En conférence de presse, hier après-midi, il a exprimé sa grande motivation pour cette fin de saison, surtout que les Mondiaux seront disputés en partie sur les routes de l'Amstel Gold Race, où il a connu du succès (2e en 2010). L'athlète de Victoria s'est entraîné chez lui tout le mois d'août et affirme «bien [se] sentir sur [son] vélo». «J'espère encore bien faire ici», a dit Hesjedal, qui s'était classé quatrième et troisième sur ses terres il y a deux ans.

Interrogé à ce sujet, Hesjedal a répété que le cyclisme masculin canadien n'a «jamais été aussi fort», notamment en Europe. «Les quatre gars qualifiés pour les Mondiaux, je ne crois pas qu'on n'ait jamais réussi cela. C'est une preuve juste là.»

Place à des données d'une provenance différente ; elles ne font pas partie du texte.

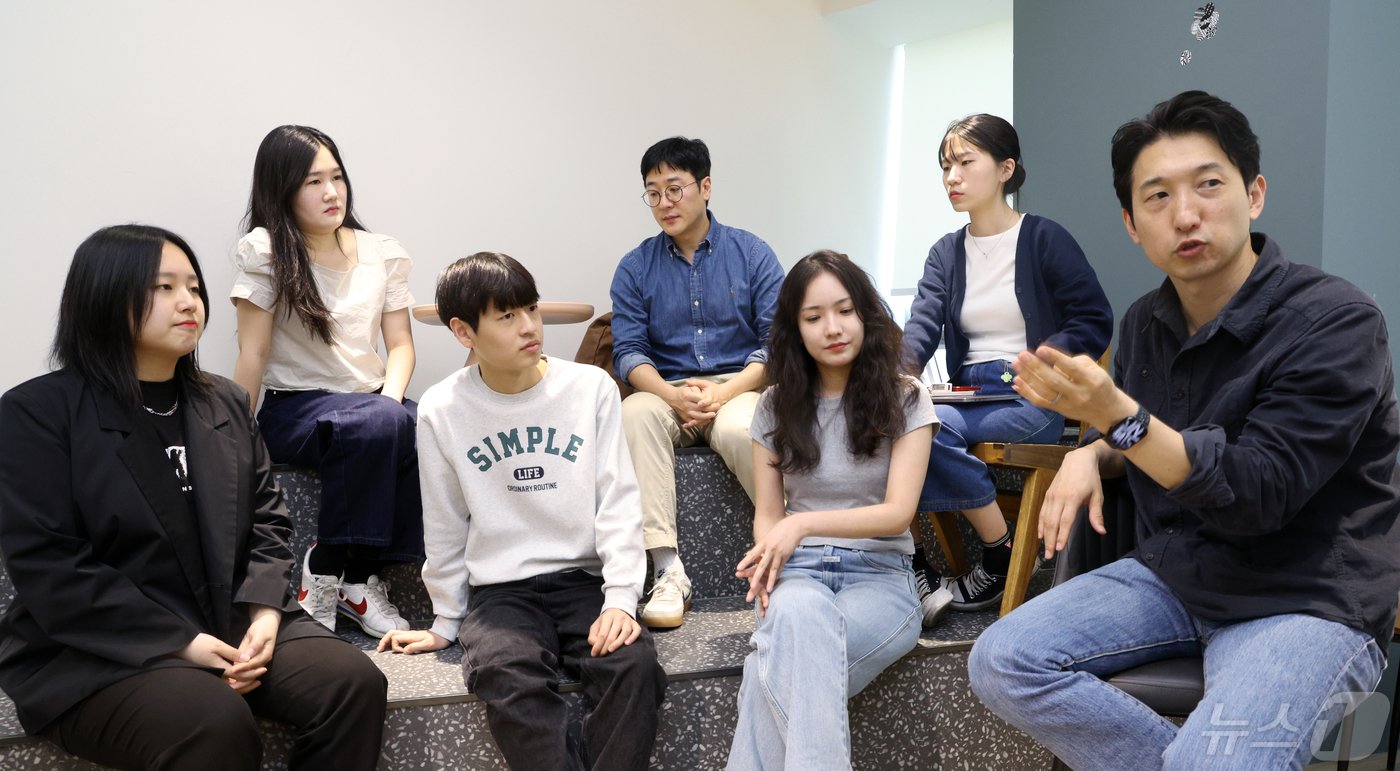 본문 이미지 - 김형산 더스윙 대표(오른쪽)와 스왑(SWAP) 자전거팀 멤버들이 9일 오후 서울 용산구 서빙고로 더스윙 본사에서 뉴스1과 인터뷰를 하고 있다. 2024.5.9/뉴스1 ⓒ News1 박정호 기자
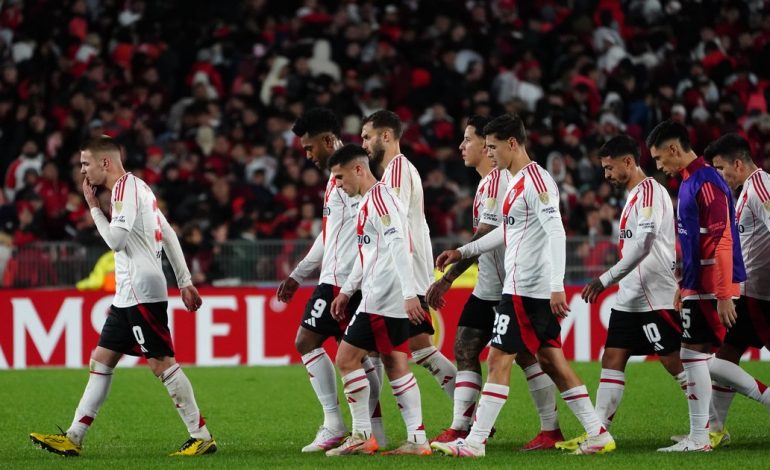 a-river-se-le-termino-el-‘veranito’:-empate-contra-universitario-por-la-libertadores-en-el-ultimo-partido-antes-del-mundial-de-clubes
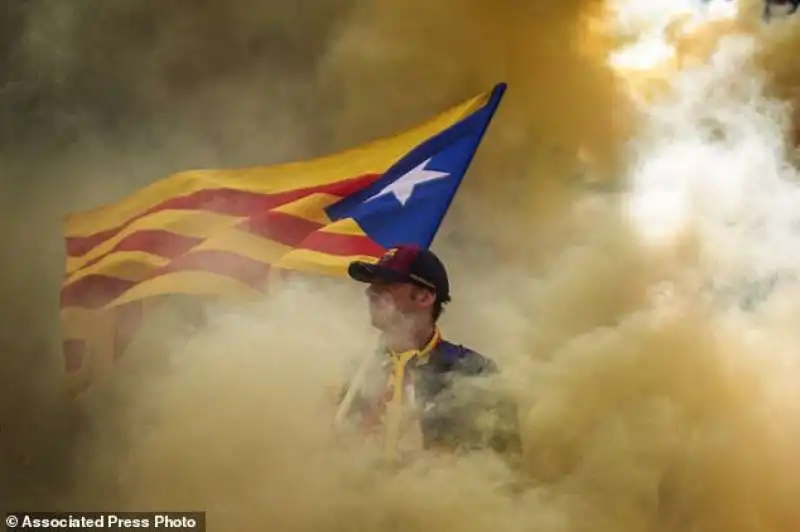 diada   manifestazione per l'indipendenza a barcellona   11 settembre 2019 2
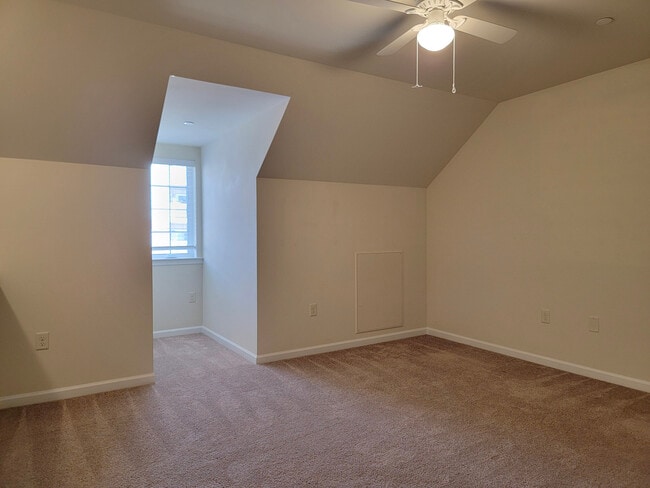 Building Photo - 331 Springwood Dr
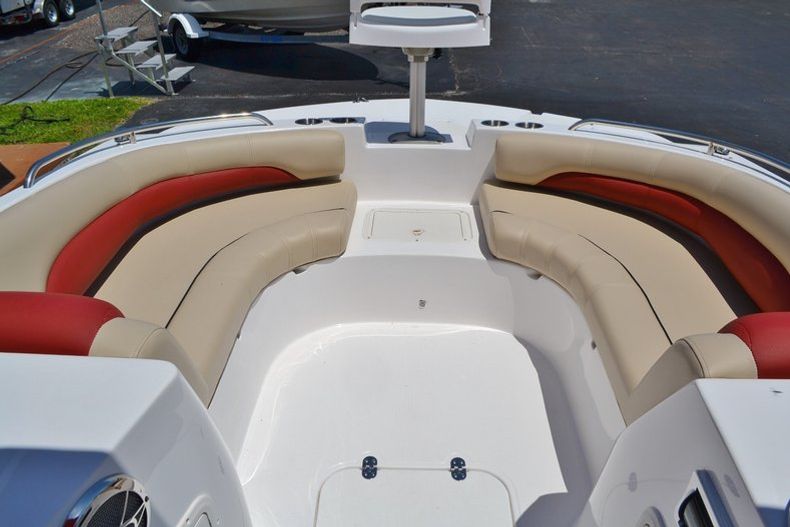 Thumbnail 13 for New 2014 Hurricane SunDeck Sport SS 188 OB boat for sale in West Palm Beach, FL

D'autant qu'aux yeux de Fraser, les quatre hommes choisis auront le potentiel de se retrouver dans le groupe final et en mesure d'aider un leader désigné. «On ne va pas aux Mondiaux juste pour brandir le drapeau et être à la queue du peloton, a fait valoir Fraser. C'est vraiment excitant pour moi.»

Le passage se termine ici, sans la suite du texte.